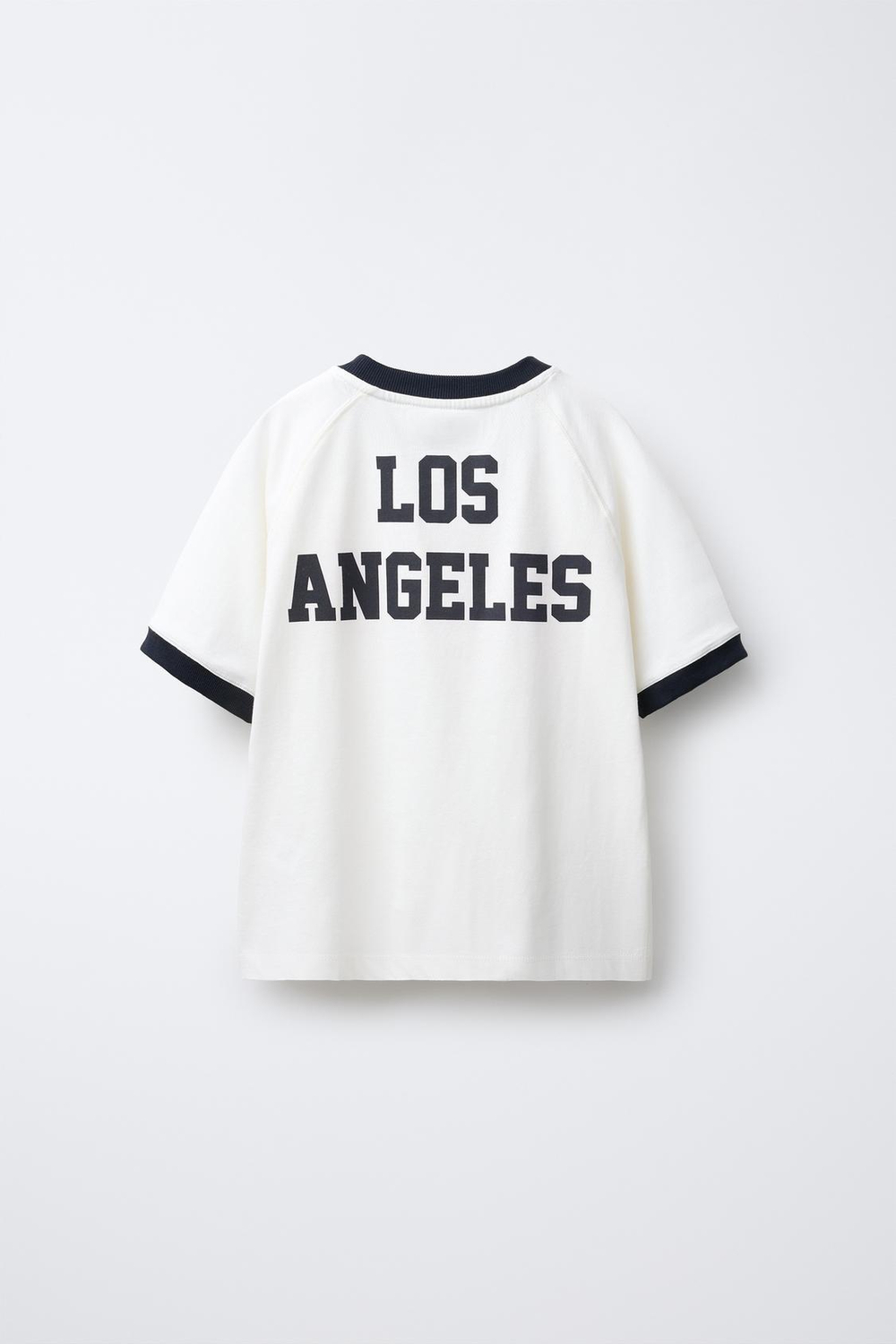 ZARA ФУТБОЛКА С ТЕКСТОВЫМ ПРИНТОМ, БЕЛЫЙ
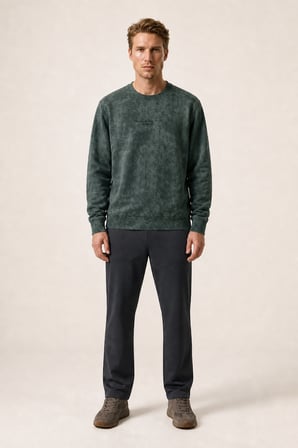 Rummi Desenli Kışlık Yeni Sezon Erkek Regular Fit Sweatshirt Haki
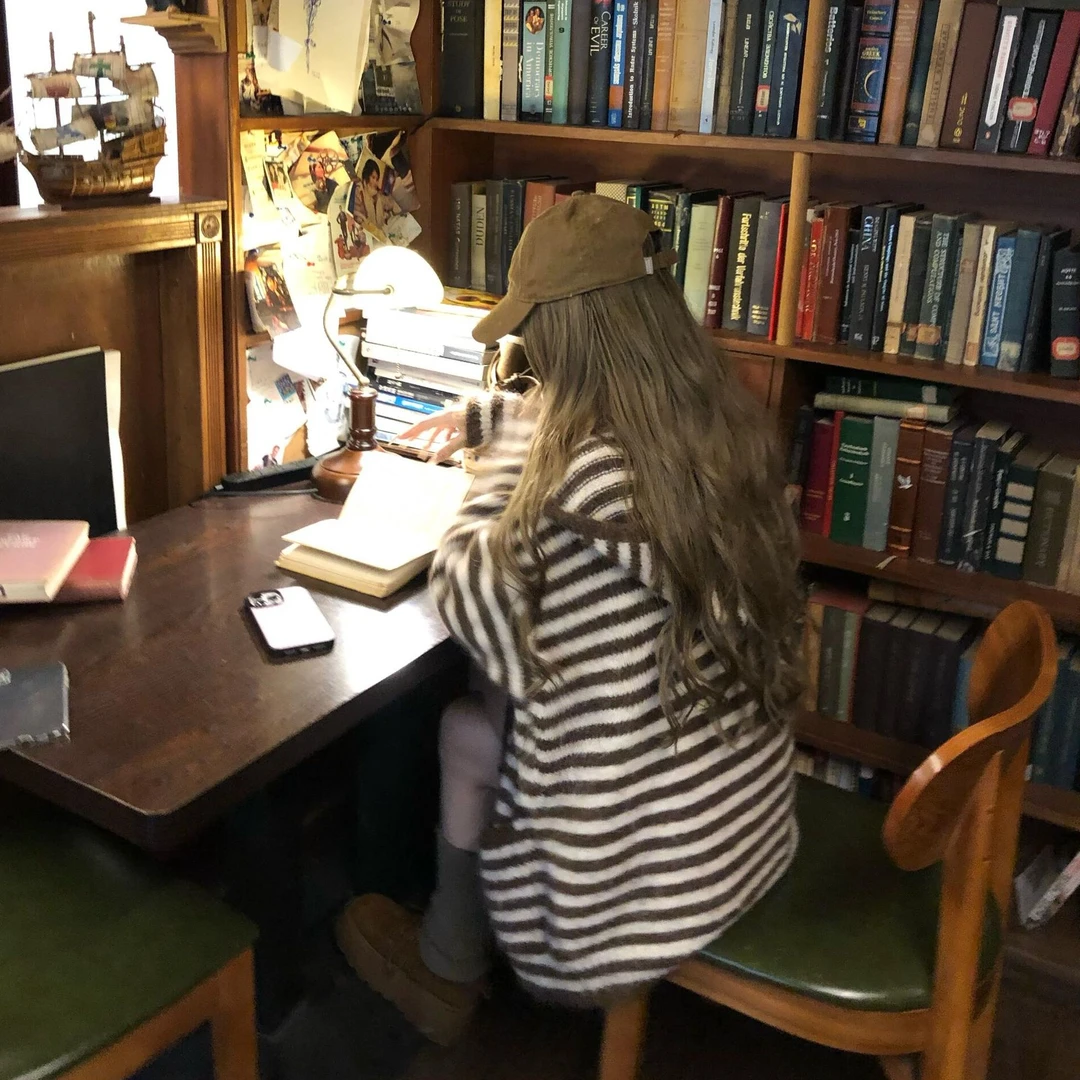 【DMXJ大梦想家】琥珀流光风条纹毛衣女款秋冬睡衣针织开衫连帽外套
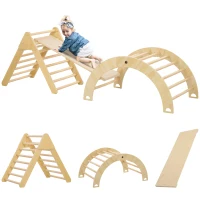 AIYAPLAY Triángulo de Escalada para Niños de 18-48 Meses con Rampa Escalador de Arco 219x72,5 cm Natural(m-1)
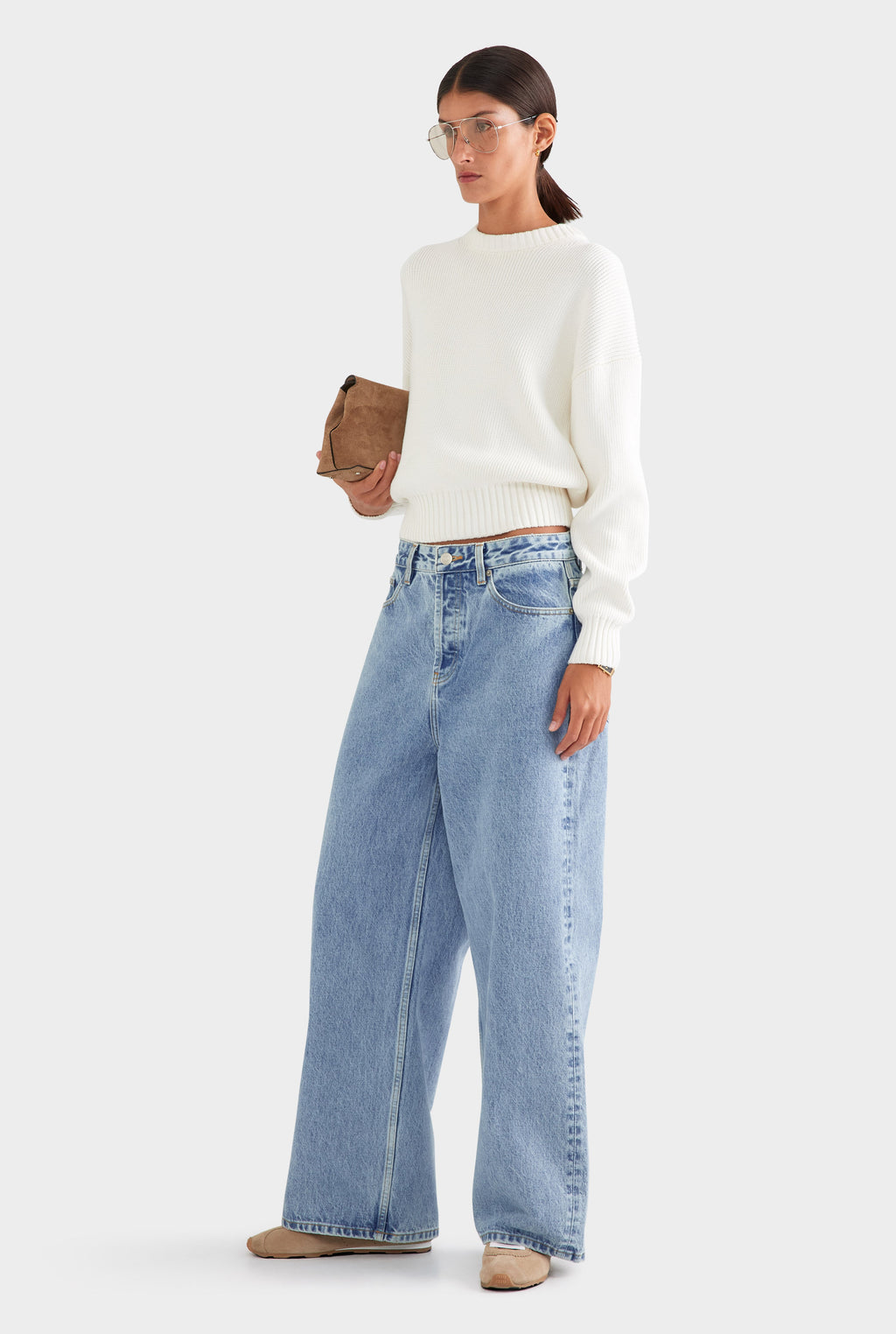 Cotton Knit Sweater - White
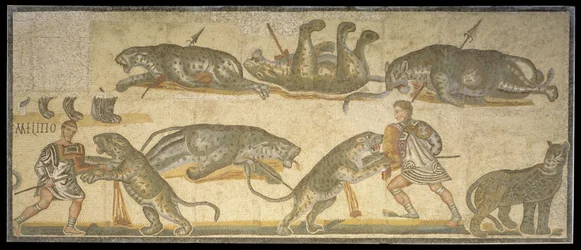 Battle Between Gladiators and Wildcats, 320 AD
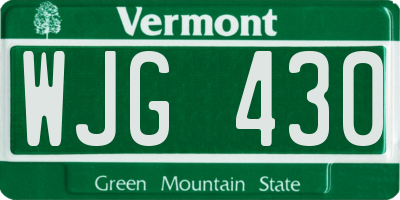 VT license plate WJG430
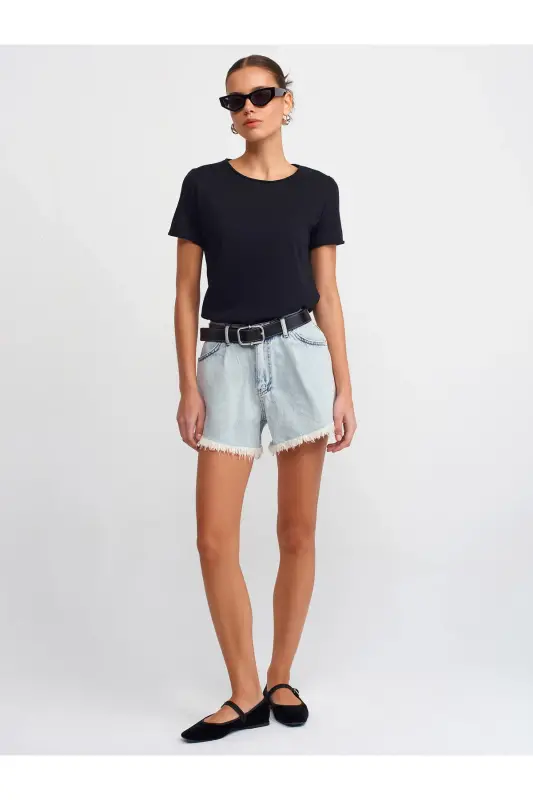 30817 Bisiklet Yaka T-shirt-Siyah-Siyah - 3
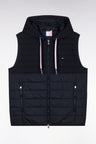 Sleeveless navy bimaterial down jacket with hood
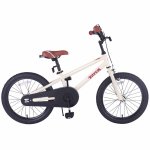 18 Inch Kids Bike, Boys Girls Kids Bike with Kickstand, Child Bike Kids Bike for 5-9 Years Old, 43"-59", Ivory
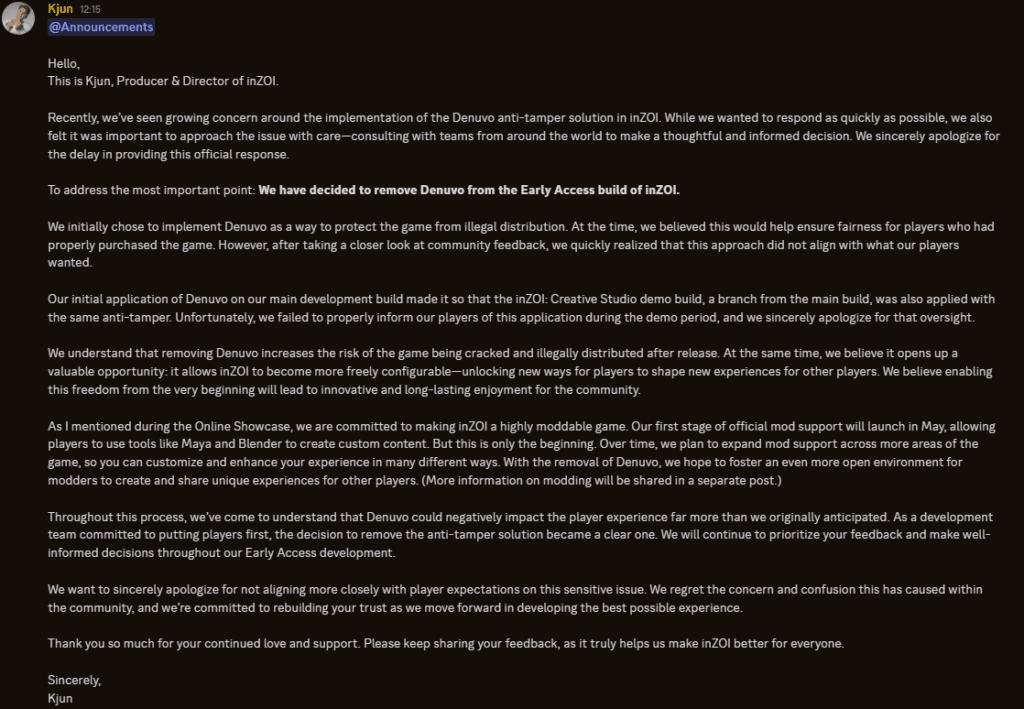 Kjun's message on inZOI's official Discord (Screenshot by esports.gg)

********

§ **AIM OF THE TASK**: Every line from the start of the material through the line holding "VT license plate WJG430" must be returned exactly, and the pictures must not.

§ **SOLUTION FOR THIS EXERCISE**:
 ZARA ФУТБОЛКА С ТЕКСТОВЫМ ПРИНТОМ, БЕЛЫЙ
 Rummi Desenli Kışlık Yeni Sezon Erkek Regular Fit Sweatshirt Haki
 【DMXJ大梦想家】琥珀流光风条纹毛衣女款秋冬睡衣针织开衫连帽外套
 AIYAPLAY Triángulo de Escalada para Niños de 18-48 Meses con Rampa Escalador de Arco 219x72,5 cm Natural(m-1)
 Cotton Knit Sweater - White
 Battle Between Gladiators and Wildcats, 320 AD
 VT license plate WJG430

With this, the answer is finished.